C’est donc le 17 avril prochain à Doha au Qatar que se jouera le prochain acte concernant l’évolution des marchés pétroliers. En effet, une quinzaine de producteurs d’or noir doivent s’y réunir afin de décider éventuellement d’une nouvelle stratégie pour mettre fin à la chute des cours du brut. Un repli qui s’est d’ailleurs ralenti puisque l’on assiste actuellement à un véritable phénomène de yoyo, le plancher des 25 dollars pour le Brent et des 30 dollars pour le WTI n’ayant finalement pas été enfoncé. Fin janvier, la qualité du gisement de Mer du Nord a atteint un plus bas depuis 13 ans de 27,88 dollars tandis que le West Texas Intermediate cotait à 30,76 dollars début février, là aussi, un plus bas sur la même durée. De façon générale, on note que les prix du baril ont même progressé de 50% depuis la mi-janvier.

Perte de parts de marchés

Pour nombre d’experts, il est donc évident qu’une annonce forte des membres de l’Organisation des pays exportateurs de pétrole (OPEP), annonce à laquelle se joindraient d’autres producteurs majeurs (Russie, Mexique,…) aurait un effet immédiat sur le marché. Certes, les stocks restent partout élevés et l’économie mondiale ne tourne suffisamment pas fort pour relancer la demande. Mais on se doute bien que la perspective d’une fermeture du robinet va pousser les cours à la hausse.

Il reste néanmoins à se demander quelle va être la position de l’Arabie saoudite, principal responsable de l’évolution des prix aux cours de ces deux dernières années. On le sait, le royaume n’a pas voulu baisser sa production en considérant que le plus important pour lui était de maintenir ses parts de marché. Malgré la baisse de ses recettes et malgré le coût exorbitant de la guerre menée au Yémen, Riyad n’a rien voulu entendre estimant que sa priorité était de faire mordre la poussière à ses concurrents, qu’il s’agisse de producteurs classiques ou de nouveaux entrants spécialisés dans les hydrocarbures non-conventionnels (pétrole de schiste).

Or, le cabinet spécialisé FEG vient de sortir une étude qui démontre que la stratégie saoudienne de maintien de parts de marché a partiellement échoué.
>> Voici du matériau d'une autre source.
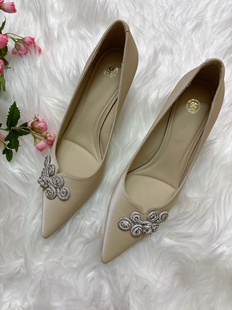 商场撤柜黑豹超值百搭新款单鞋新中式法式细跟女鞋高跟鞋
Si le royaume reste le principal fournisseur de pays comme le Brésil, l’Inde ou le Japon, il a perdu du terrain dans neuf des quinze grands marchés mondiaux. Ainsi, toujours selon FEG, entre 2013 et 2015, ses parts sont passées de 19% à 15% en Chine, de 53% à 22% en Afrique du Sud et de 17% à 14% aux Etats Unis. En Chine, c’est la Russie qui a taillé des croupières au pétrole saoudien. En Afrique du sud, ce sont le Nigeria et l’Angola tandis que le pétrole de schiste américain a joué un rôle déterminant dans la diminution de la dépendance pétrolière des Etats Unis à l’égard de l’or noir saoudien.

Vers un changement de position ?

Dans les semaines qui viennent, il faudra donc suivre de près les décisions prises par Riyad. Une acceptation d’une réduction de la production pourrait signifier que la stratégie saoudienne a effectivement échoué et qu’en sacrifiant les prix elle s’est avérée incapable de maintenir voire d’augmenter ses parts de marché. Un échec dont les conséquences risquent d’être importantes à l’heure où le royaume est confronté à nombre de défis, celui de la diversification de son économie n’étant pas le moindre.